Tracy Pepe says scent is similar to lighting in how it affects the human psyche. (Photos by Yianni Tong)

The lobby of Toronto’s Trump Hotel has all of the elements of a ritzy, five-star lodging. The check-in desk is wrapped in Macassar ebony. The floor is inlaid with onyx and the drapes are velvet.

The most luxurious design detail, however, isn’t visible or even that discernible. Subtle wafts of champagne and caviar drift through the foyer, giving the place an air of exclusivity, and providing an olfactory signal to the c-suite clientele that they’ve arrived – literally and figuratively.

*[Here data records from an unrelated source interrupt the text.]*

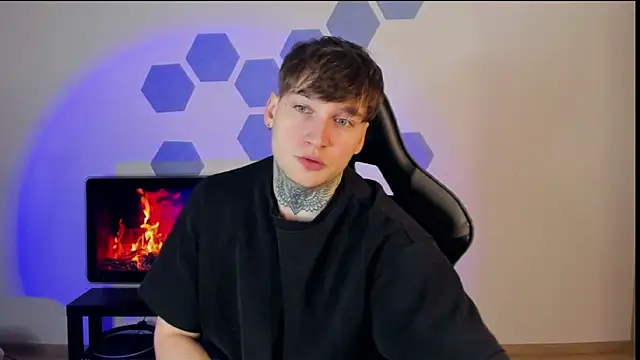 Chris Tyson online show from 5, 3, 2025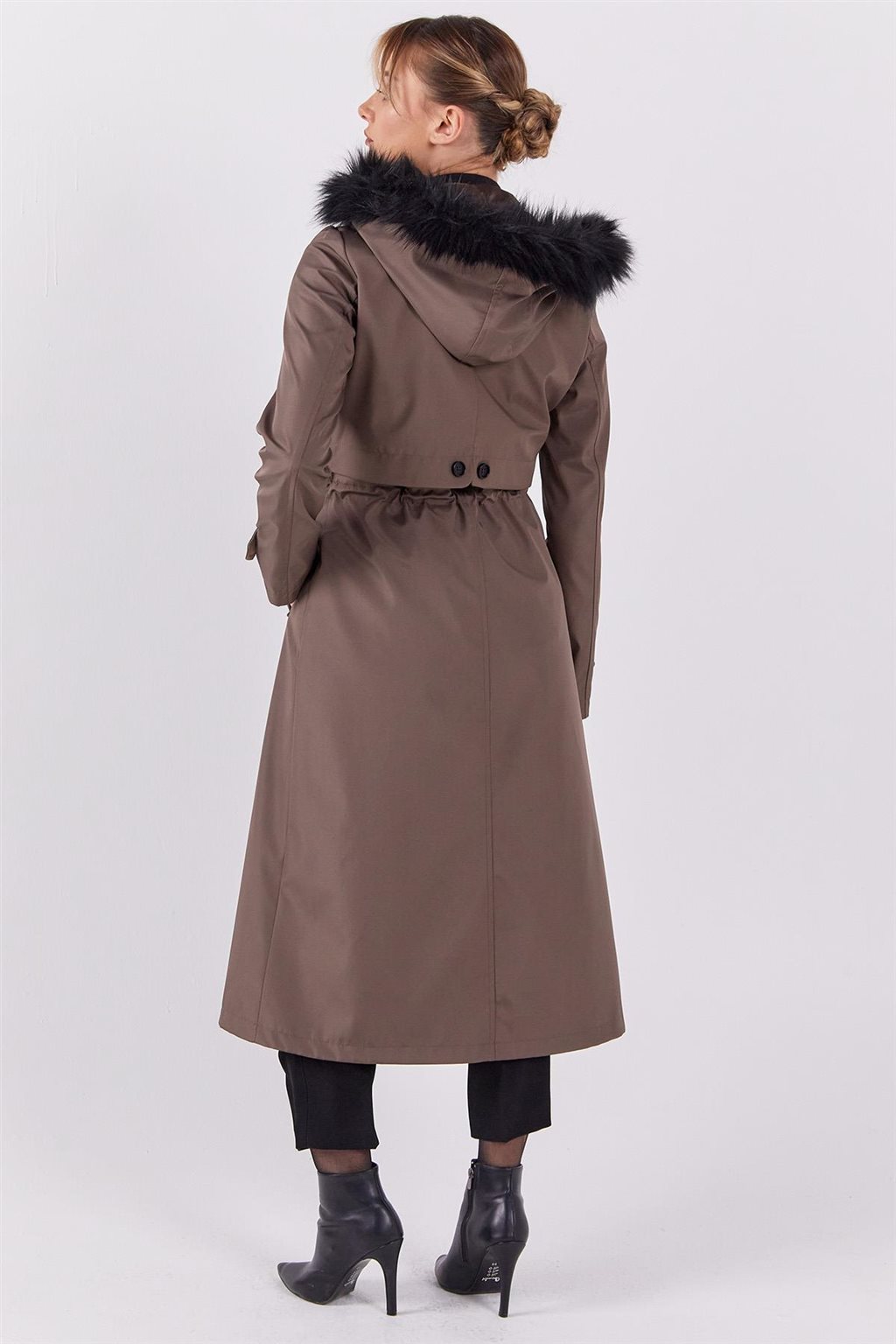 Beli Bağcıklı Parka Vizon 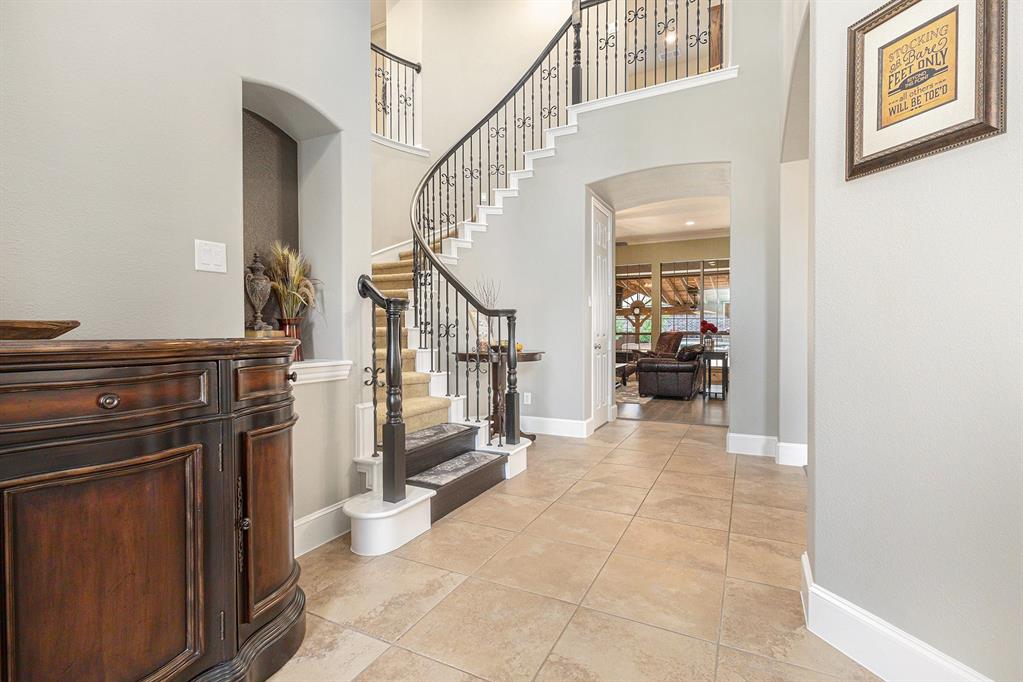 901 Fannin Drive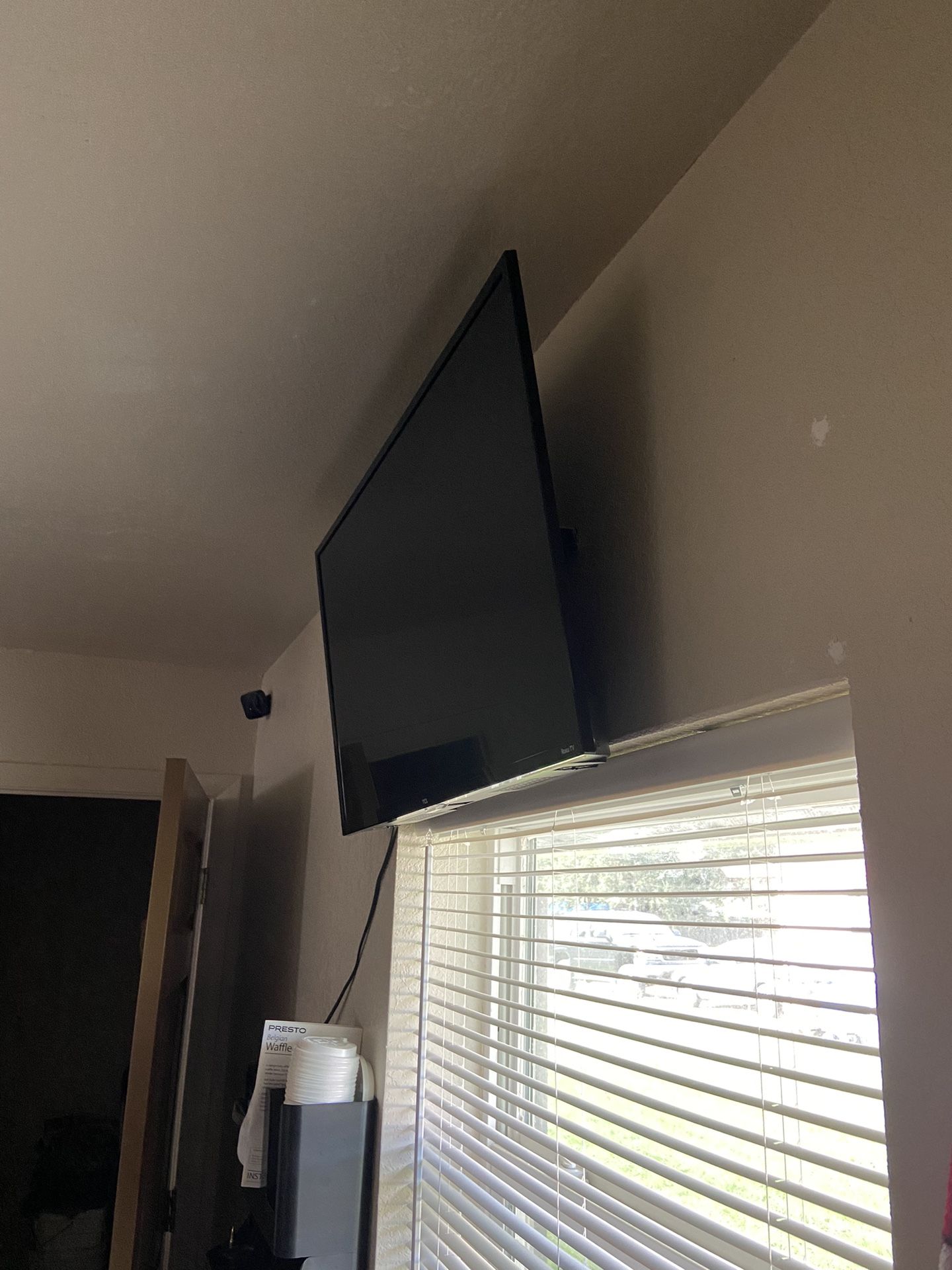 TCL 32 inch  $100 OBO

Tracy Pepe, the founder of Nose Knows Design – a Brampton, Ont.-based olfactive-branding studio – custom-crafted the aroma. She’s one of a handful of North American scent designers who works with architects and interior designers to ensure that the smell of a space is as pleasing as the decor. Because our sense of smell has a strong impact on both our physical and psychological perceptions, her work has a powerful effect on our experience of the environment – improving not only the aroma, but also enhancing the colours, sounds and the overall emotional response.

That impact is likely why the luxury is appearing more and more. According to a recent New York Times article, the Delos, a high-end Manhattan condo, perfumes the apartments of its residents, including Deepak Chopra and Leonardo DiCaprio, with custom fragrances. And many fashion designers scent their runway shows to enhance the look of the clothes (Dawn and Samantha Goldworm, who run New York scent studio 12.29, have developed olfactory signatures for Zac Posen, Rodarte and Jason Wu).

When done well, the work of someone such as Pepe aims to make people linger longer, return more often and spend more money. She is currently working on a pilot project with Wal-Mart, with initial findings showing a 33-per-cent bump in sales in targeted scented space.

According to Dr. Sarah J.S. Wilner, an assistant professor of marketing at Wilfrid Laurier University, a consumer’s reaction to smell – in the Wal-Mart case, a smoky aroma near barbecue products – might trigger some specific cultural need.

“There’s a famous British anthropologist named Daniel Miller who wrote an essay in 1998 titled Making Love in Supermarkets,” Wilner explains, “which, very basically, was about how grocery shopping can be, fundamentally, an act of expression of care and attention. So in the Wal-Mart instance, the smell might remind a wife of how much her husband likes to have friends over for a barbecue.”

Part of the success of this approach, though, is a certain seamlessness. Unlike stores, such as Lush or Abercrombie & Fitch, where the scent branding is notoriously overt, Pepe’s touch is so deft as to almost be untraceable – blending carefully into the room, as opposed to singularly defining it.

“Scent is very similar to great lighting,” Pepe says. “Great lighting – as opposed to just a light bulb – can change the mood. It can warm you up. It can invite your guests. Smell is the same thing.” Harsh or garish lighting, on the other hand, can be repellent.

But whereas lighting is a commonly accepted requirement for a good space, scent design is much less ubiquitous. Until now. According to Pepe, the olfactive-branding industry (which she currently estimates to be worth $500-million a year, a tiny fraction of the multibillion-dollar perfume business) is set to boom over the next two years.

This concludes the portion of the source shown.